(MATERIAL TO PROCESS):
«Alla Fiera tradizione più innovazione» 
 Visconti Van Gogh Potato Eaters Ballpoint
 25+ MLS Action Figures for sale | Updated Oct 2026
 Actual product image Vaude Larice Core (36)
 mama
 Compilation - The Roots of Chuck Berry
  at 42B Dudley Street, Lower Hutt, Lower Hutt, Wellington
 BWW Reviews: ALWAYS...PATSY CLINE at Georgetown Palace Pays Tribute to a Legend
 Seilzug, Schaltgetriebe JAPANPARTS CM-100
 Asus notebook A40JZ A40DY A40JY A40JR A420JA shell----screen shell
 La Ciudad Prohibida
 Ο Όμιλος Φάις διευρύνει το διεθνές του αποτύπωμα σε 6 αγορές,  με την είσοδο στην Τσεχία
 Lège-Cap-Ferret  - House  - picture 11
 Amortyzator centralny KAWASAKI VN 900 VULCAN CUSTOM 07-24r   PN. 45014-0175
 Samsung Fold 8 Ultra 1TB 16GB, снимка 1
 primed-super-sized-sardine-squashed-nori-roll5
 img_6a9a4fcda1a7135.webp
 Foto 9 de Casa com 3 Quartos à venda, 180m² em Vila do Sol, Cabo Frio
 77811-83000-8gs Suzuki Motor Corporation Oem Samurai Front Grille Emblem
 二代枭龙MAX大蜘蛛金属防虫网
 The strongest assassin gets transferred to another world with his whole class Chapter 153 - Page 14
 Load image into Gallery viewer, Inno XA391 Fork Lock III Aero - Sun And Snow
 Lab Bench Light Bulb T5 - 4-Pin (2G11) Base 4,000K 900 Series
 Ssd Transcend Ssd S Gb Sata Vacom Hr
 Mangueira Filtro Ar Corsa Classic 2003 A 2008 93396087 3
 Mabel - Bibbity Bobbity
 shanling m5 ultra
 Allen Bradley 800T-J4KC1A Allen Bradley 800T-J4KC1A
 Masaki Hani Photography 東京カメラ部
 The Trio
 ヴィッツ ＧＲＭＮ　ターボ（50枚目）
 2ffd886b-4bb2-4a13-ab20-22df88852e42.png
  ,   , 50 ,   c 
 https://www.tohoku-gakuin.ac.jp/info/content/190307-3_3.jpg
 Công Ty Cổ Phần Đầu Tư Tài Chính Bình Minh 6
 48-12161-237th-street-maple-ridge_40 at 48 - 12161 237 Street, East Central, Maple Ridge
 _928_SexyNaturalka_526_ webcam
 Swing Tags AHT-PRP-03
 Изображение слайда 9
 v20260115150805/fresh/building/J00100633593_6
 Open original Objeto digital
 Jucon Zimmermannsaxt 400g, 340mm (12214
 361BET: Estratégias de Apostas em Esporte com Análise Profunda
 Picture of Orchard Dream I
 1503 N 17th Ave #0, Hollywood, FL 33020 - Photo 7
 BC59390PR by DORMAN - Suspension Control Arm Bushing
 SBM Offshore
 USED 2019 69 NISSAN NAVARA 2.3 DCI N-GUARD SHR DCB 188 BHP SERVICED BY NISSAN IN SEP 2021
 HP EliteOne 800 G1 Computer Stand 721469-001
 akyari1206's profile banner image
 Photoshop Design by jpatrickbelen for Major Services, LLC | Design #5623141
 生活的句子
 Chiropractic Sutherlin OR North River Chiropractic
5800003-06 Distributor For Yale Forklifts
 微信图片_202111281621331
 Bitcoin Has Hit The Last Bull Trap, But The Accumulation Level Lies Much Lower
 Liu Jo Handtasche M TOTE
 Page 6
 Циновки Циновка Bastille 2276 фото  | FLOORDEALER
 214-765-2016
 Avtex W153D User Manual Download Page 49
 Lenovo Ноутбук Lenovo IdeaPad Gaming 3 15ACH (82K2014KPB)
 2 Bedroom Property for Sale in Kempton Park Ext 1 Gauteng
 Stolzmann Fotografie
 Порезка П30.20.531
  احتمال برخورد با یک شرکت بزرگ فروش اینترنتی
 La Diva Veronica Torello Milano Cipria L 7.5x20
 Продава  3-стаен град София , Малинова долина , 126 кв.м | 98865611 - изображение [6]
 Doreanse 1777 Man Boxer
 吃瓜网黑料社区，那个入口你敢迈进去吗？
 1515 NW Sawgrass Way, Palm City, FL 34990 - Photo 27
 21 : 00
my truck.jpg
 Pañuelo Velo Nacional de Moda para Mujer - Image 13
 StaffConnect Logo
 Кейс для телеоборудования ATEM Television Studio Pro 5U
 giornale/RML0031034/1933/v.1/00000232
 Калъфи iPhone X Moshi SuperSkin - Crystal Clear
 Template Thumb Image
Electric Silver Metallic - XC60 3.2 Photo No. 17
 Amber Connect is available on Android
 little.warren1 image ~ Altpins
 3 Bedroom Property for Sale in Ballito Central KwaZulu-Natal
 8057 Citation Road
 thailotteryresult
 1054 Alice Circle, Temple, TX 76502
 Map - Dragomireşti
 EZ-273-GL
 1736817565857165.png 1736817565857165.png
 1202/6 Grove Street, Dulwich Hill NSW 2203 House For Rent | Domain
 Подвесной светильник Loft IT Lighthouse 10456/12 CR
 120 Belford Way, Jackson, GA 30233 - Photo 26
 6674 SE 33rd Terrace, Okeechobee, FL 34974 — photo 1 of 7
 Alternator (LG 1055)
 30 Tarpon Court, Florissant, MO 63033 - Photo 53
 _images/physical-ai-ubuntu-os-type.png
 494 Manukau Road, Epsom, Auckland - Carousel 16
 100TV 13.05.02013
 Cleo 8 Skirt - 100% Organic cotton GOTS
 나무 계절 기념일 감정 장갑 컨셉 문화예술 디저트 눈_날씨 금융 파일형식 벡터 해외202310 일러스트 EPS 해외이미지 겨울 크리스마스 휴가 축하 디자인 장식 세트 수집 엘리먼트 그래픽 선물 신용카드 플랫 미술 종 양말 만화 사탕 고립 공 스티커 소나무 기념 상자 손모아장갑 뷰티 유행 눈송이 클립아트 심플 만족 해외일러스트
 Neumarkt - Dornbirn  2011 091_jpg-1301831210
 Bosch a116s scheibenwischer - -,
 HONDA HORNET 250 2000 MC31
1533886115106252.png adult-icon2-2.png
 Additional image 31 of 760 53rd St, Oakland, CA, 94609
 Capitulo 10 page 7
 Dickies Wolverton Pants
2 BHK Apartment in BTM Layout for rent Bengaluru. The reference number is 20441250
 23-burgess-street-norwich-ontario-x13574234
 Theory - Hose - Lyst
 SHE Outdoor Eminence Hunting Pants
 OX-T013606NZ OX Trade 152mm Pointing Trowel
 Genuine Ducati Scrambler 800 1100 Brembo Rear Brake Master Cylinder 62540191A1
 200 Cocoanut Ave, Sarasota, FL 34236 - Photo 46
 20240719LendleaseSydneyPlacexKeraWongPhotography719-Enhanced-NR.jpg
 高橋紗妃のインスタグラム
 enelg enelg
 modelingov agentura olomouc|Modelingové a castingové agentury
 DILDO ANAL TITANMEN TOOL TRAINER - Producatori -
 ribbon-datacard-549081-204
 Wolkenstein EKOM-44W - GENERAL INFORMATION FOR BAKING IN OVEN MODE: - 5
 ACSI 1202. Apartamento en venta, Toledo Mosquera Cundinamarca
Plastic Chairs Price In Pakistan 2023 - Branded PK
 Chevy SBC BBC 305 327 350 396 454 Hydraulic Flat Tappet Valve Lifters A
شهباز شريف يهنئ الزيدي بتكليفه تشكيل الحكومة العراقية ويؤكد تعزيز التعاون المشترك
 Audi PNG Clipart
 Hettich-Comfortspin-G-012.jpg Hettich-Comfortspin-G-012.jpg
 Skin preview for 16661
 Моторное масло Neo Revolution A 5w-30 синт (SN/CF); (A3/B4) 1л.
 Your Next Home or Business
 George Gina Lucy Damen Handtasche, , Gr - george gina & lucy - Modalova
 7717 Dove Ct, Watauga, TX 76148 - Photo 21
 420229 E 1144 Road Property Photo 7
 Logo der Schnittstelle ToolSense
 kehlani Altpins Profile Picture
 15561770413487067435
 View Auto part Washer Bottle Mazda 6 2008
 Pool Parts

(WORK INSTRUCTION): Retype exactly, and only, the lines above from the one where "1515 NW Sawgrass" occurs up to and including the one where "little.warren1 image ~ Altpins" occurs.

(ANSWER SECTION):
 1515 NW Sawgrass Way, Palm City, FL 34990 - Photo 27
 21 : 00
my truck.jpg
 Pañuelo Velo Nacional de Moda para Mujer - Image 13
 StaffConnect Logo
 Кейс для телеоборудования ATEM Television Studio Pro 5U
 giornale/RML0031034/1933/v.1/00000232
 Калъфи iPhone X Moshi SuperSkin - Crystal Clear
 Template Thumb Image
Electric Silver Metallic - XC60 3.2 Photo No. 17
 Amber Connect is available on Android
 little.warren1 image ~ Altpins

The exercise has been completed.